Being vague never works. In fact, Dean considers my vagueness to be “cryptic” and to him, being cryptic is equal to lying. To me, being vague is just my way of glossing over the little details that don’t mean shit in the long run. That difference of opinion is what lead to our first big fight. And it’s what lead to confusion about my last entry.
Fighting is something I hate. I grew up with nothing but fighting all around me. My parents were VERY young when they had me and my brother. They were married, had two kids, and divorced by the time they were 27/28. I was a toddler when they split. My only memories of my parents together are angry and violent and blurry. Then they split and girlfriends, boyfriends, and eventually stepparents came along. There was nothing but fighting. Nothing but petty bullshit always around them. Always arguing over custody, visitation, and who to bring around their kids. You think I have one single memory of my parents being happy? EVER? Nope!
And then, if my parents weren’t fighting with each other, they were fighting with my stepparents. There’s a reason my dad is on wife #4 and mom is on husband #2. Who the fuck knows if any of these relationships will last either. I think my mom and stepdad actually will, but I always question my dad and his wives. The second one, well I got a brother out of it so not a total loss. But the third one was such a horrible person that she earned the title of Stepmonster and eventually Stepcunt. She was/is pure evil.

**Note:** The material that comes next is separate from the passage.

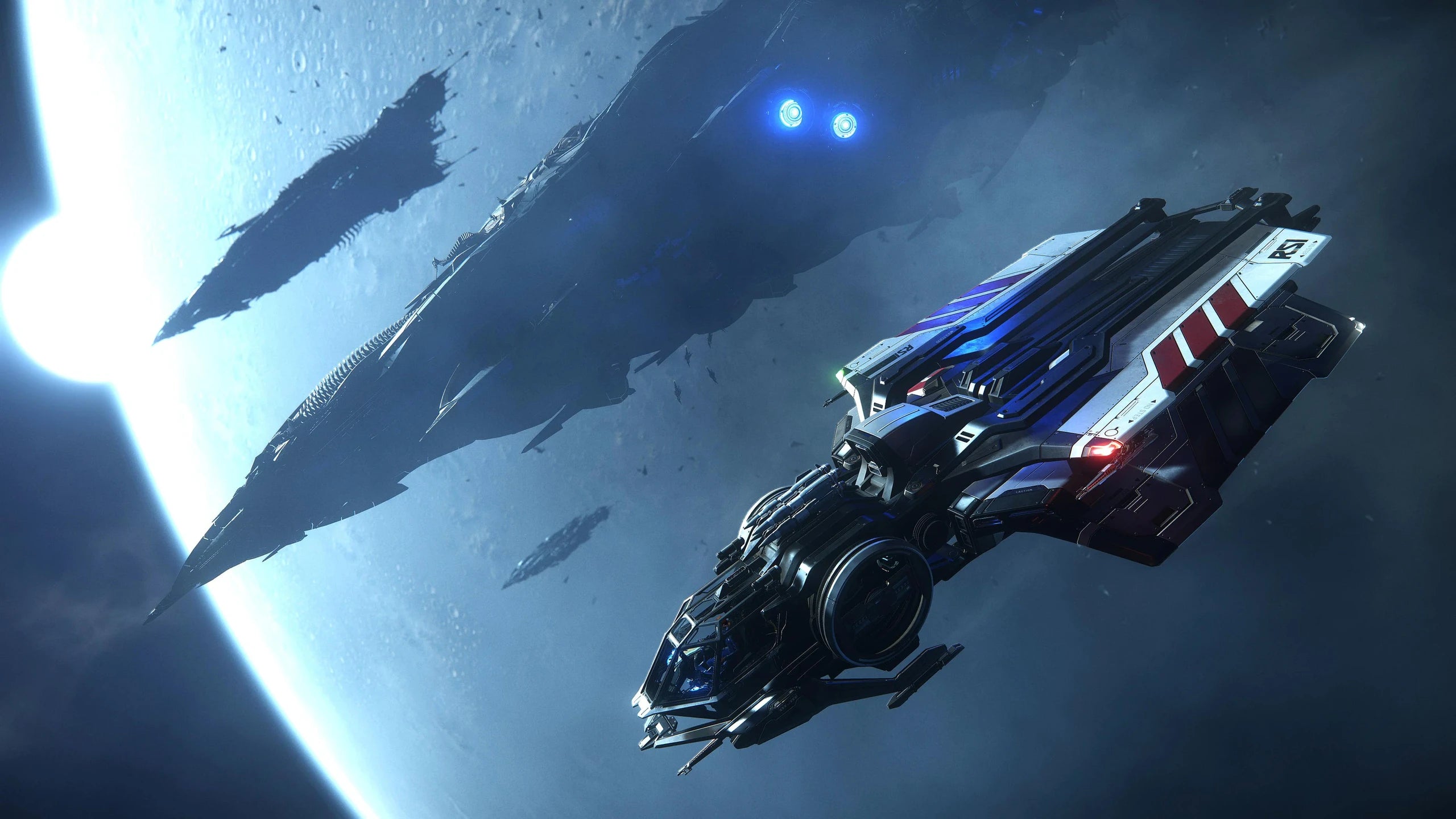 Aurora MR - flying away from Kingships in Star Citizen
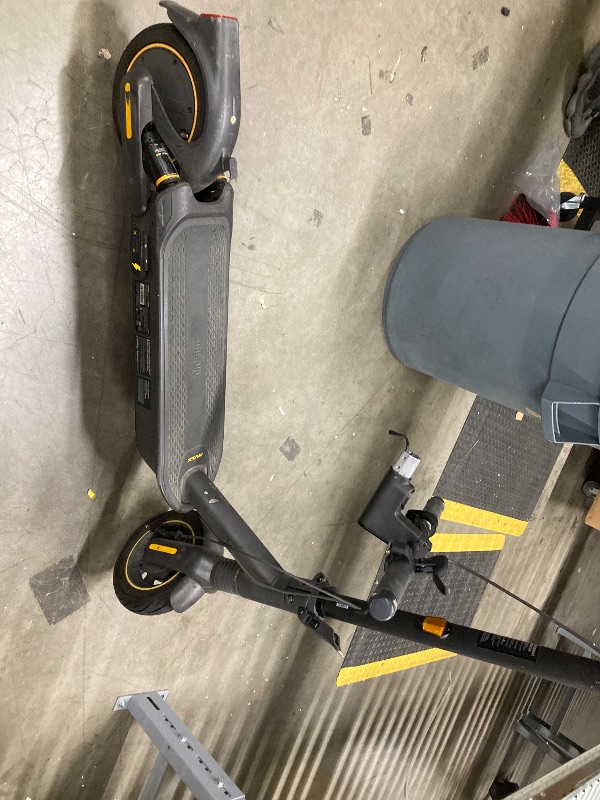 Photo 1 of **NO BOX/PARTS ONLY**Segway Ninebot MAX Electric Kick Scooter w/Powerful Motor, Long Miles Range, 18.6 & 22mph Top Speed, Dual Suspension (MAX G2 Only), Scooter for Adults UL-2271 2272 Certified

You know what happens when your parents fight all the time and you’re left in charge of your younger sibling? You know what happens when you’re surrounded by hate and anger ALL THE TIME? You end up fighting with your sibling until you damn near kill each other. (Seriously, it was near death twice.) Eventually in high school, my brother and I stopped trying to kill each other and became very good friends. That was due to the loss of our stepbrother though. Story for another time.
Straight out of high school, I then proceeded to get involved with someone who I later found out was sexually abused as a child and as a result of that and my own inexperience, I let him do a lot of shit to me I shouldn’t have. He later became violent and physically abusive. We fought a lot and towards the end, those fights ended with me all bruised up. I took a 5 year break after that guy and then got involved with someone I later found out was emotionally abusive! Our fights only happened in the beginning of the relationship because I found out that if I dared to fight back, he would just leave and shut me out for anywhere from 1 to 3 weeks. He’d randomly vanish on me and go into lockdown mode for up to a month too if things got too tough. So essentially, I got involved with two abusive men for a combined total of 5 years and both of these men made fighting something I never ever wanted.
Now I’m with someone who loves to argue. To say that this is an adjustment phase with Dean is an understatement.
He loves to start fights, get his anger out, and move on. I fucking HATE fighting. I’m always afraid that one bad fight too many will result in the man leaving me. Why wouldn’t I have that fear???? Look at my parents! Look at my last two relationships! I don’t want it in my life anymore. I want to walk away from it. I will hold my tongue and be 100% silent if it means avoiding an argument.
A fighter and a non-fighter. This is not a working system.
The first couple fights with Dean were admittedly my fault. I have a lot to learn about being with a
normal above average man who wants to know every detail, doesn’t want me to be vague, has issues of his own, and wants to grow together. It’s just that his method of getting to the change is to fight over it and my method is to talk it out. Guess who’s way ends up happening?
But the thing is, after these fights, I’ve changed my ways. That is not something he ever anticipated either. He never thought he’d be with a woman who could admit she was wrong and not only that, fix the things that made her wrong. He wasn’t asking for much, just an alternate way of speaking to him and making sure I was totally open with him. So once the confusion was over and the crying and yelling was over with, understand occurred and things changed. This is what every woman dreams of! This is the holy grail of relationships! Have a problem and resolve it! Who knew?!
I’ve started to appreciate the fighting between us for it’s true purpose of movement and growth. I don’t love it though. Especially now that I know what levels he’ll stoop to in order to win and argument even when he’s 100% wrong and *I* was the one who had the issue and he was totally in the doghouse. Don’t get me wrong… he’s been utterly amazing to me and he’s held his head up high when I’ve been a basket of hormonal rage or crippling sadness. He’s been there to hold an ice pack on the back of my neck while I sit on the toilet delirious with a fever. It was just one stupid misunderstanding that lead to another fight that lead to a weekend apart. He took that low road and it bit him in the ass because in the long run, something he said caused me to think too much and change my entire attitude. He scared the fuck out of me and that fear germinated into something else he wasn’t prepared for. Now he’s stuck with having to make a big decision. (And I WILL address this in another entry.)
In the end, we always end up talking things out, making changes, and helping each other understand what happened so we don’t do it again. In the end, I know he won’t just leave. I know this is all healthy and normal. I know I’m the one who has to make the changes internally to get past my fears. It’s just not easy and it takes a little trial and error to get through it.